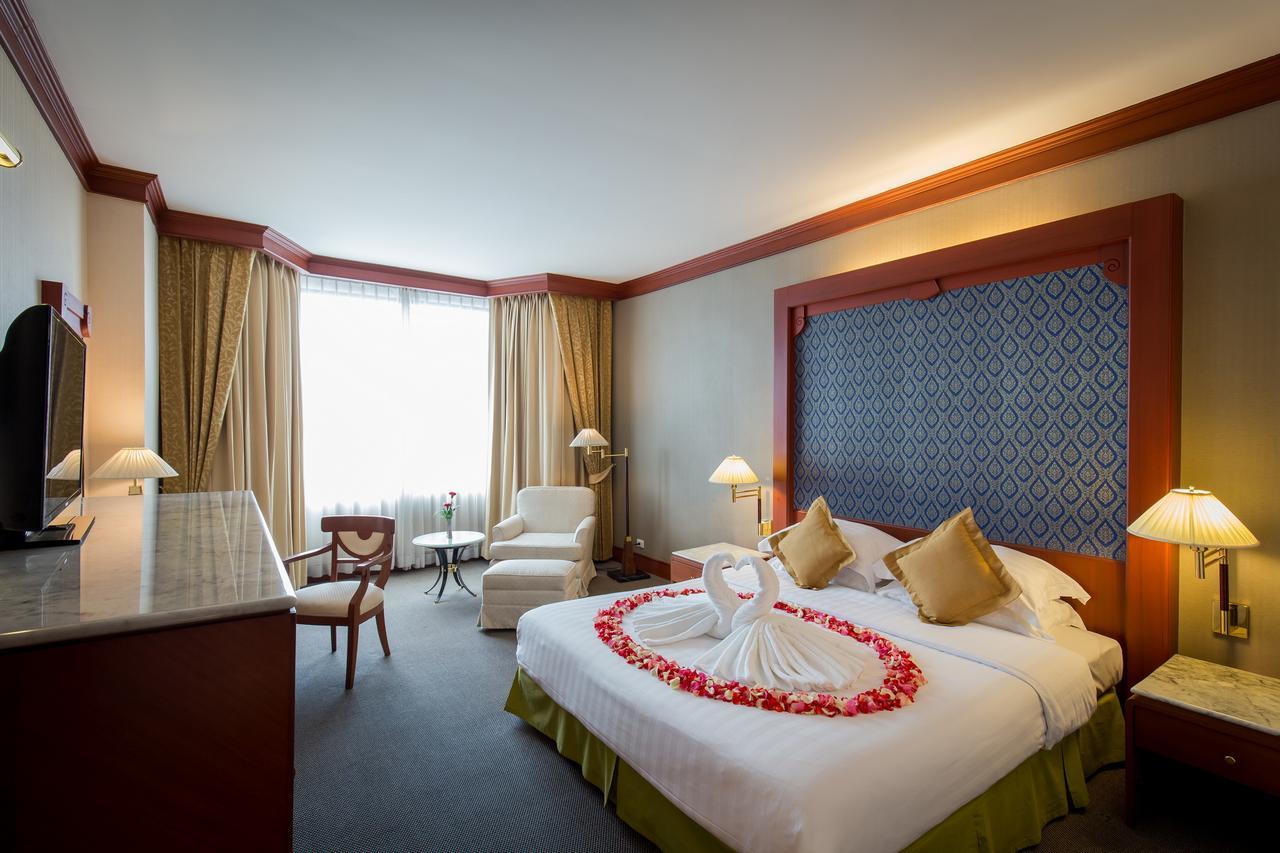 מלון Ramada By Wyndham Bangkok Chaophya Park מראה חיצוני תמונה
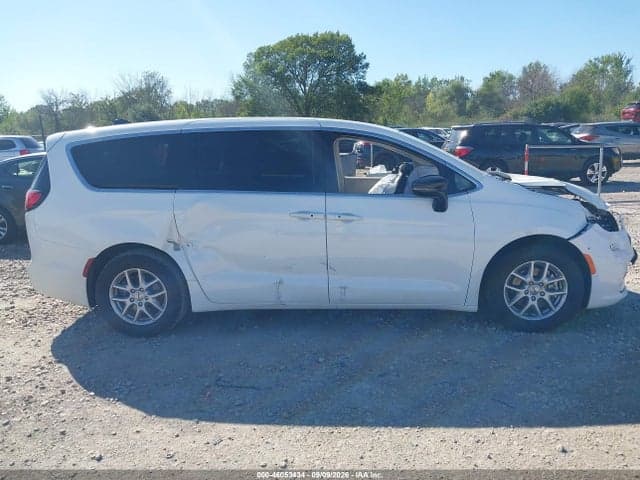 2024 CHRYSLER PACIFICA TOURING L 12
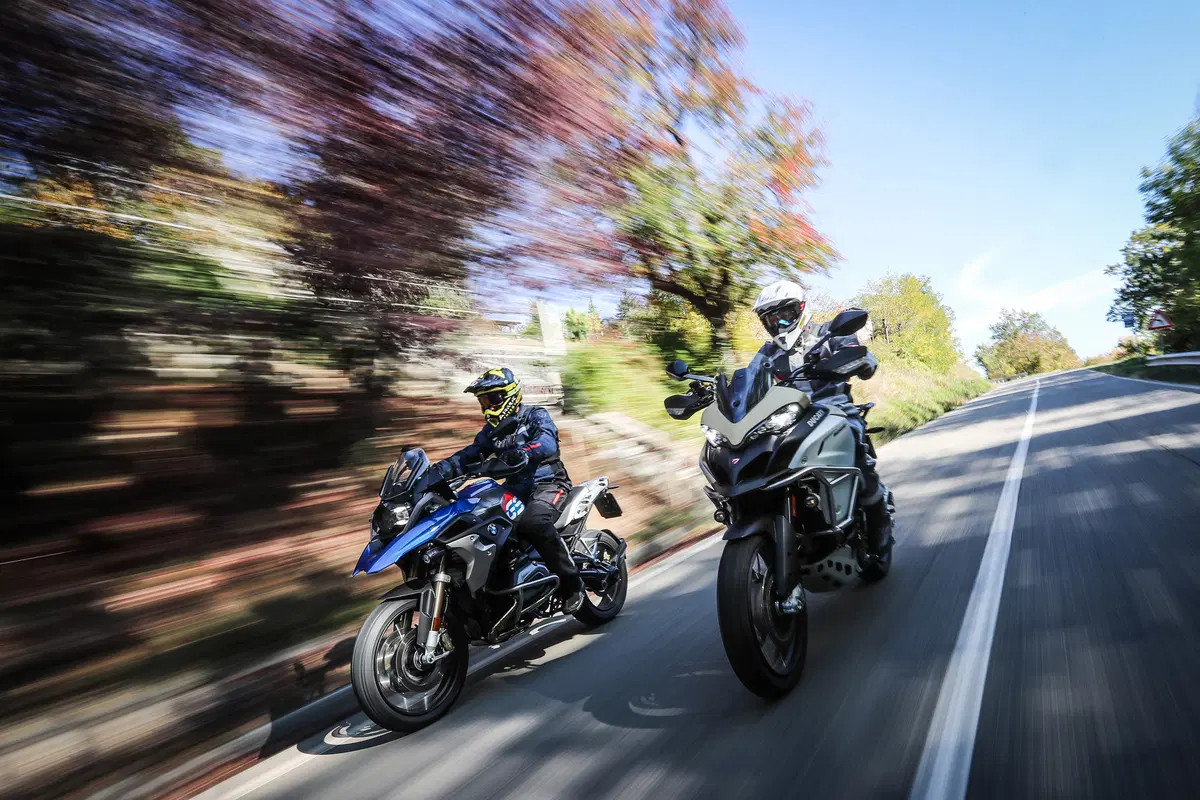 BMW R1200GS Rallye vs Ducati Multistrada 1200 Enduro Pro (14)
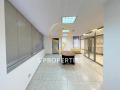 Под наем ОФИС, град Варна, Център • 2200 € / 4302.83 лв. • 42180279 12 — Holmes.bg Под наем ОФИС, град Варна, Център • 2200 € / 4302.83 лв. • 42180279 12
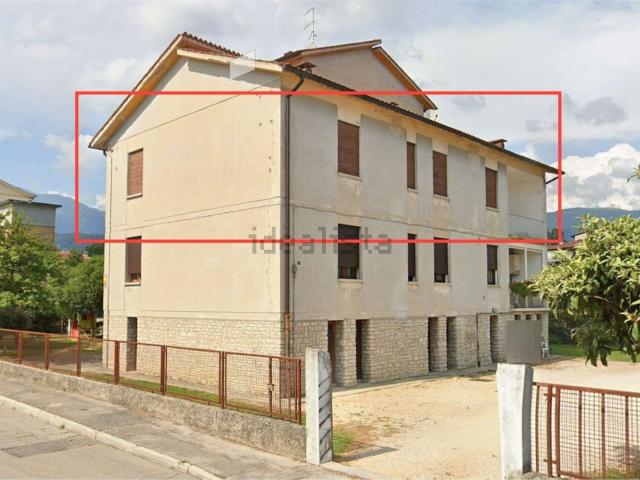 Appartamento in vendita di 106 m² in Via Milesi Alessandro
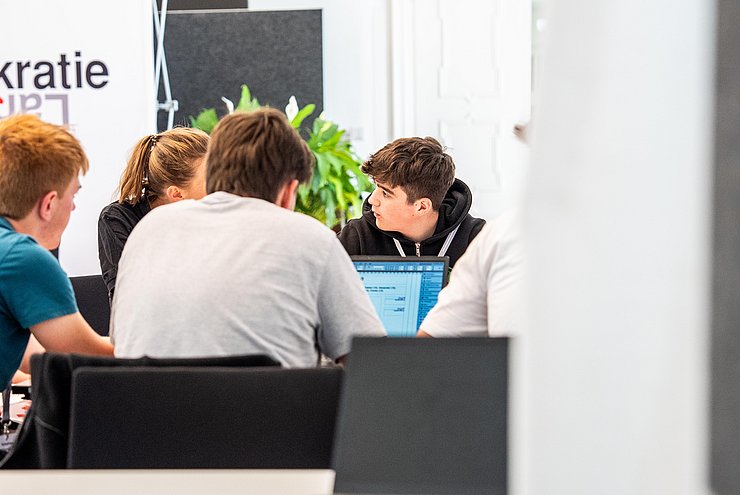 In Workshops setzten sie sich u.a. mit Parlamentarismus, EU, Kinder- und Jugendrechten sowie dem Umgang mit Sozialen Medien auseinander.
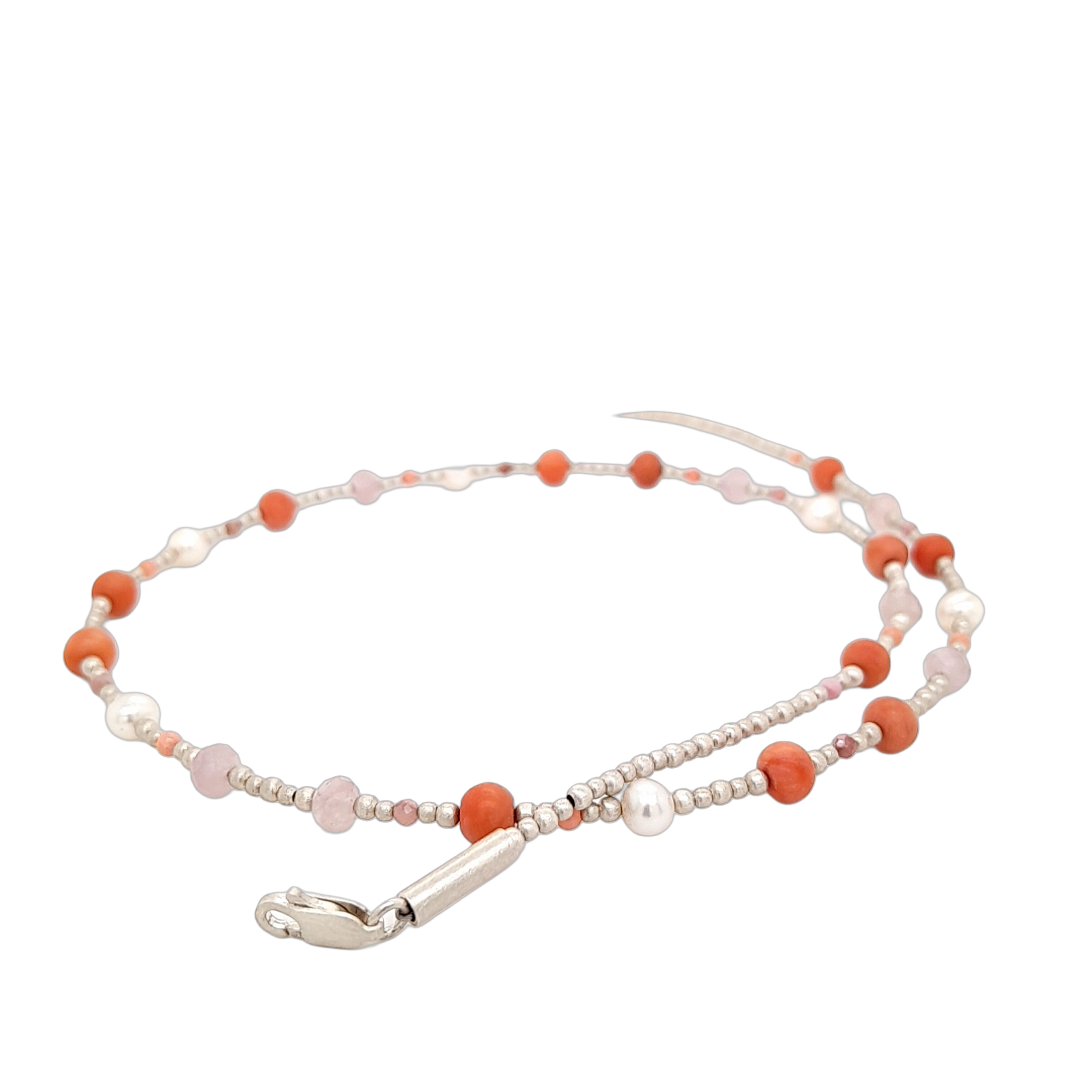 Das Produkt Kettchen Silber Koralle Rosenquarz, Modellnummer 18049, ist eine elegante Halskette aus der Kategorie Schmuck. Es kombiniert feine Silberdetails mit Koralle und Rosenquarz. Länge 45cm. Diese Halskette passt perfekt zu schlichten Outfits und ist ideal für besondere Anlässe. Tragen Sie es als Highlight zu einem schicken Abendkleid oder um Alltagslooks aufzuwerten.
+++
Transcribe the records verbatim, excluding pictures.

#### SOLUTION FOR THIS EXERCISE:
 מלון Ramada By Wyndham Bangkok Chaophya Park מראה חיצוני תמונה
 2024 CHRYSLER PACIFICA TOURING L 12
 BMW R1200GS Rallye vs Ducati Multistrada 1200 Enduro Pro (14)
 Под наем ОФИС, град Варна, Център • 2200 € / 4302.83 лв. • 42180279 12 — Holmes.bg Под наем ОФИС, град Варна, Център • 2200 € / 4302.83 лв. • 42180279 12
 Appartamento in vendita di 106 m² in Via Milesi Alessandro
 In Workshops setzten sie sich u.a. mit Parlamentarismus, EU, Kinder- und Jugendrechten sowie dem Umgang mit Sozialen Medien auseinander.
 Das Produkt Kettchen Silber Koralle Rosenquarz, Modellnummer 18049, ist eine elegante Halskette aus der Kategorie Schmuck. Es kombiniert feine Silberdetails mit Koralle und Rosenquarz. Länge 45cm. Diese Halskette passt perfekt zu schlichten Outfits und ist ideal für besondere Anlässe. Tragen Sie es als Highlight zu einem schicken Abendkleid oder um Alltagslooks aufzuwerten.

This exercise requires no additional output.